I'm trying to make a custom (in terms of points) league table in excel…

I need it to work thus:



If bob wins his match at venue1 he scores 20 points for coming first, 19 if he’s 2nd, 18 if he's 3rd and so on. The total would display in the totals column… I'm okay with that part, what I'm struggling is the formula needed get to that point :)

I'm pretty sure I need to do some kind of lookup function but it's been ages since I've used excel (properly) and I can’t for the life of me remember how you do it!

Cheers
 
Right, now I'm stuck on a position/place update :rolleyes:

Ideally, I'd like to be able to enter the position entrants came in the venue column, their points to be automatically calculated (which they are - thanks!) in the total column and then another column (position maybe?) to display their current position... won't I need a macro for that; the table would then automatically update when you add new results etc?

Cheers
 
Is there any way off being able to update the table so the person in first place would be at the top, the person in last, the bottom etc?
 
My league table's looking pretty good but I want to add a bit of security; I don't want the user to be able to access the formulae so I've locked the 2 formula columns off - thing is this is causing a problem for the macro (button) I've created, it just won't run when I protect the sheet :(



Any ideas or workrounds?

Cheers
 
Add these lines at the start end of of your macro.

worksheets("name_of_worksheet").unprotect("password")
It seems the forum automatically inserts a space after 50 characters if there's been none before!
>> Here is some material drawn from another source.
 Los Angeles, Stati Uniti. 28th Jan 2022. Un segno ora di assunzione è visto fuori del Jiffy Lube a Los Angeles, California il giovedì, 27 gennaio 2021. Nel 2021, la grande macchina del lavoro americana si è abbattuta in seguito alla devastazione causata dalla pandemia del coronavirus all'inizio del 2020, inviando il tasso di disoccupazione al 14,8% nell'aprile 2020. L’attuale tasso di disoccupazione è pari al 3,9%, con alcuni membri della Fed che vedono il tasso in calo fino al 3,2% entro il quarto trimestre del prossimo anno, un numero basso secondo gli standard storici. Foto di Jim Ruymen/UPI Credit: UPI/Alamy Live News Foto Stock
worksheets("name_of_worksheet").protect("password")
 
Last edited:
Add these lines at the start end of of your macro.

worksheets("name_of_worksheet").unprotect("password")
It seems the forum automatically inserts a space after 50 characters if there's been none before!

worksheets("name_of_worksheet").protect("password")
At the start of the macro, yeah? Thanks mate!
 
One line at the start and the other at the end of the macro. I think it's fairly obvious what they do.